On Tue, 3 May 2011, Ole Tange wrote:
On Tue, May 3, 2011 at 5:06 PM, Rhys Ulerich wrote:
Following a recent discussion on the list I have given some thought
to making an option --nest.
My first thought was --multiply (as in multiply list 1 with list 2)
but I agree that --nest (as in nested for loops) is better.
Hmm... along the lines of --multiply I'd have said --outer as in
outer product. You could then also have --inner as in inner product
which would concatenate lines from multiple files prior to
processing.
I would like the option to be called something that people might
google for. I personally would never have googled for outer and inner.
I might have googled for multiply.
Can we come up with an even better word? Maybe something already used
elsewhere?
My first thought was --cross (from cross product). (Maybe --cartesian
(from Cartesian product)?)
'--cross' has the disadvantage of being very overloaded (cross product,
(a)cross different hosts, cross-compilation, etc.).

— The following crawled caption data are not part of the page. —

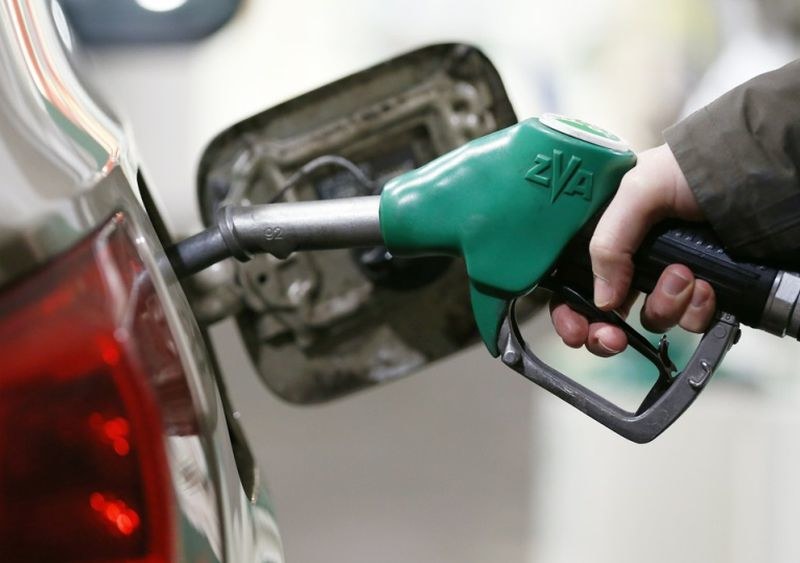 Benzyna jest lepszej jakości niż olej napędowy /KAROL SEREWIS /East News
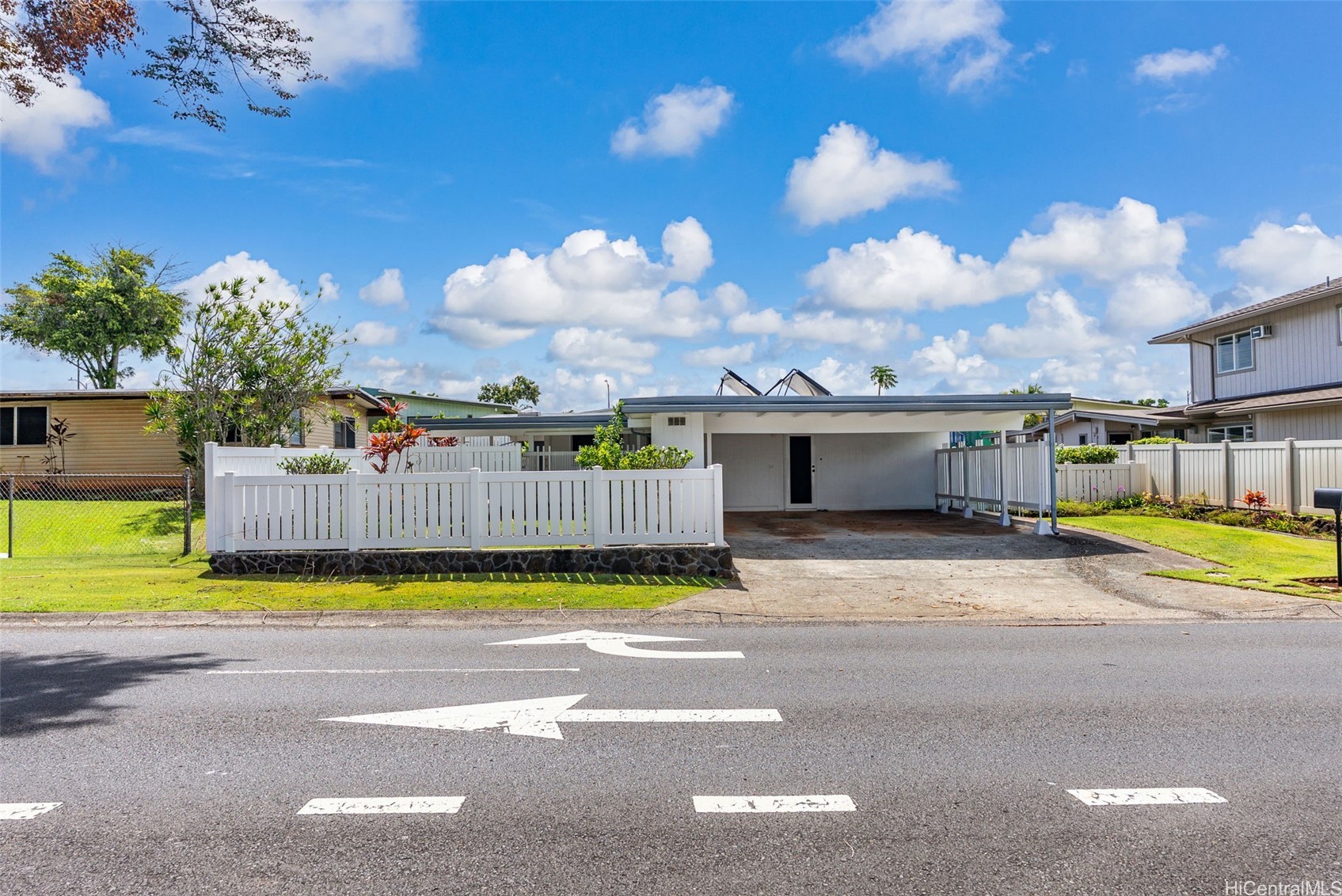 2073 Komo Mai Drive Property Photo 1
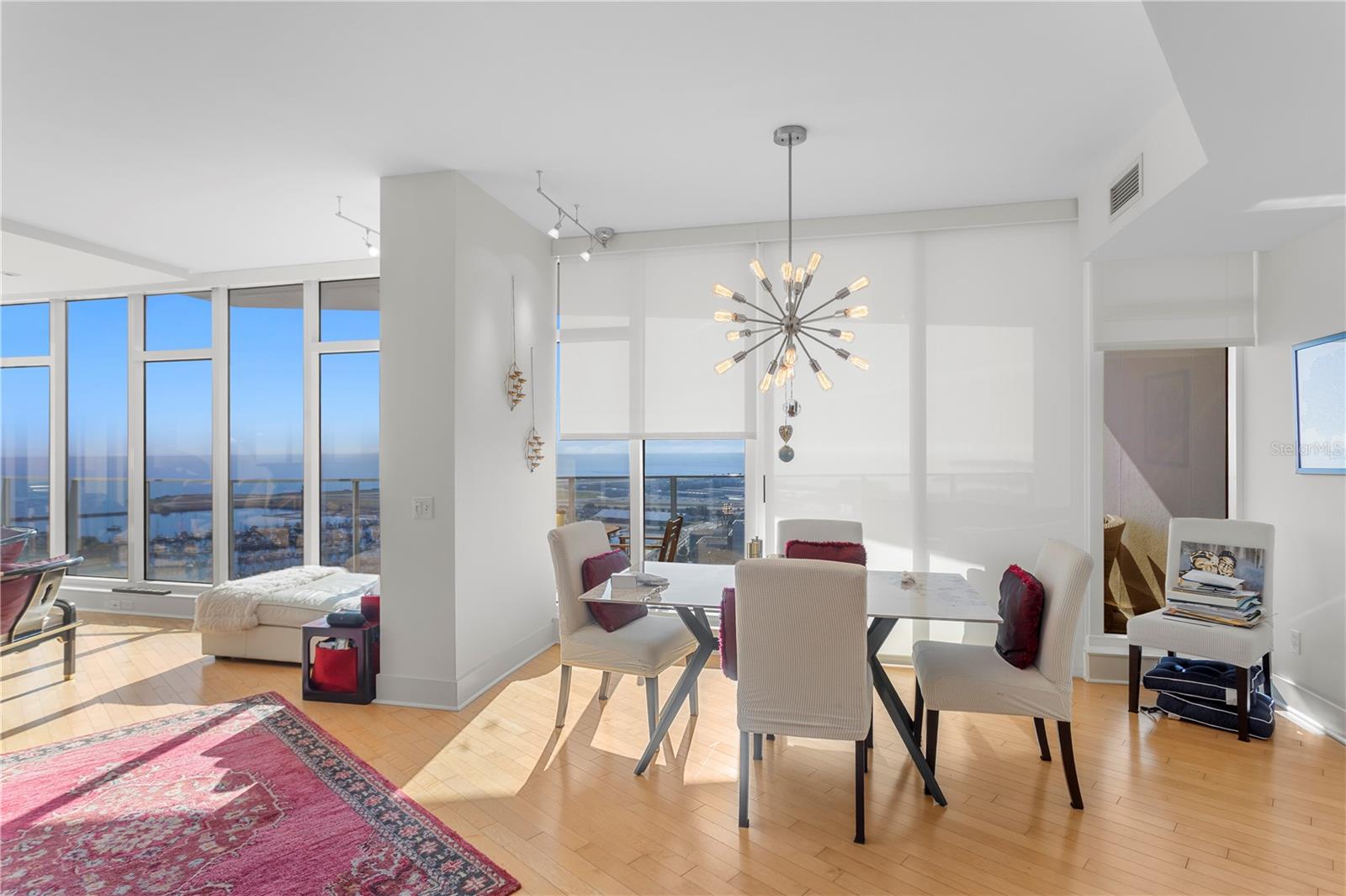 Image 7 of 53 For 175 1st Street S 2107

On the other hand,
we're talking about software with the name 'parallel', so being
unambiguous is obviously not priority #1... ;-)
Other preferable synonyms might be found on:
http://en.wikipedia.org/wiki/Direct_product
I'd think something called "--nest" would be handy for situations
where one wants parallel to invoke parallel.
Which is basically what --nest does:
parallel -a file1 parallel -a file2 -I {o} echo {} {o}
will be the same as:
parallel --nest -a file1 -a file2 echo {1} {2}
But it's not actually nested, which seems misleading.